Delhi Delhi: Despite difficult conditions in the third quarter, credit growth will improve from the second half of financial year (FY) 2026, driven by improvement in the unsecured sector and a sequential increase in private capital expenditure (capex), according to a report by Mirae Asset Sharekhan. Improved liquidity and rate cut expectations by the Reserve Bank of India (RBI) are supporting the sentiment, the report said. It added that expectations of a modest rate cut will help support the net interest margin (NIM). Additionally, the report said that credit costs are expected to normalise as stress in the unsecured segment stabilises.The third quarter of FY25 has been challenging for the banking sector due to high credit costs, slow loan and deposit growth, and pressure on NIM.Private banks reported slower earnings growth in the third quarter mainly due to weak operating performance and a persistent rise in credit costs, while public sector banks (PSBs) reported healthy earnings growth due to lower credit costs offsetting the lower operating performance, the report said.

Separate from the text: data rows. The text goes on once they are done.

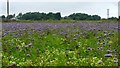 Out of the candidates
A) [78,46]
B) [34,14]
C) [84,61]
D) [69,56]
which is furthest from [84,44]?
[34,14]

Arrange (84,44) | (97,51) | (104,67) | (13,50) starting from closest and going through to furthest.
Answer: (104,67) → (97,51) → (13,50) → (84,44)

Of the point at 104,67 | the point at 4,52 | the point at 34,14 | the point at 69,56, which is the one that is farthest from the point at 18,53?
the point at 34,14

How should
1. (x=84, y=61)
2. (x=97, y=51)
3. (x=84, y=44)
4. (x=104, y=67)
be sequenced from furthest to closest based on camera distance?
(x=84, y=44)
(x=97, y=51)
(x=84, y=61)
(x=104, y=67)

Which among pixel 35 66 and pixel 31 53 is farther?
pixel 31 53

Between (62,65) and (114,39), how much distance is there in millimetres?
3265

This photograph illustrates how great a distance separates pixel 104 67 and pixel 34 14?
35627mm

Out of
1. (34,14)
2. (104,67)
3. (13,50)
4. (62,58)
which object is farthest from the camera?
(34,14)

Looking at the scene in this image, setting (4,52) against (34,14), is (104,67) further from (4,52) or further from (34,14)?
(34,14)

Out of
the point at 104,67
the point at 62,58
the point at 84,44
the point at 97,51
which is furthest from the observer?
the point at 84,44

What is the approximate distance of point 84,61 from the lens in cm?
626

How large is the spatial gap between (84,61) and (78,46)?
2.20 metres

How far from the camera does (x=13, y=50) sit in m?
8.28

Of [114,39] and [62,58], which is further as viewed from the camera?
[114,39]

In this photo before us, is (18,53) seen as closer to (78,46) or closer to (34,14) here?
(78,46) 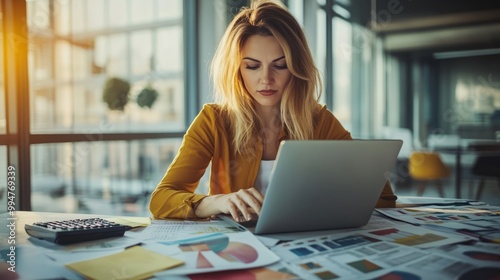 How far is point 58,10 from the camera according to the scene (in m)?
2.78

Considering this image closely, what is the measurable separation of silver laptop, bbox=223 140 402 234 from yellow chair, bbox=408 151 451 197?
3952 millimetres

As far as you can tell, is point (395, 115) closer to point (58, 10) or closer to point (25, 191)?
point (58, 10)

According to the report, higher credit costs were due to the unsecured segment, while a lower share of unsecured loans for PSU banks supported earnings. Net interest income (NII), the difference between a bank’s interest income and its interest expense, saw lower growth, driven by lower NIM and softer loan growth. PSU banks witnessed more pressure on NIMs, while private banks reported marginally lower NIMs quarter-on-quarter. The report said PSU banks reported better earnings growth than private banks, led by lower credit costs under their coverage. Most private banks (barring HDFCB and ICICI) witnessed a steady increase in credit costs, as asset quality in the unsecured segment (credit cards and MFIs) deteriorated further in Q3FY2025. The unsecured retail segment continues to face higher defaults, impacting earnings and return ratios.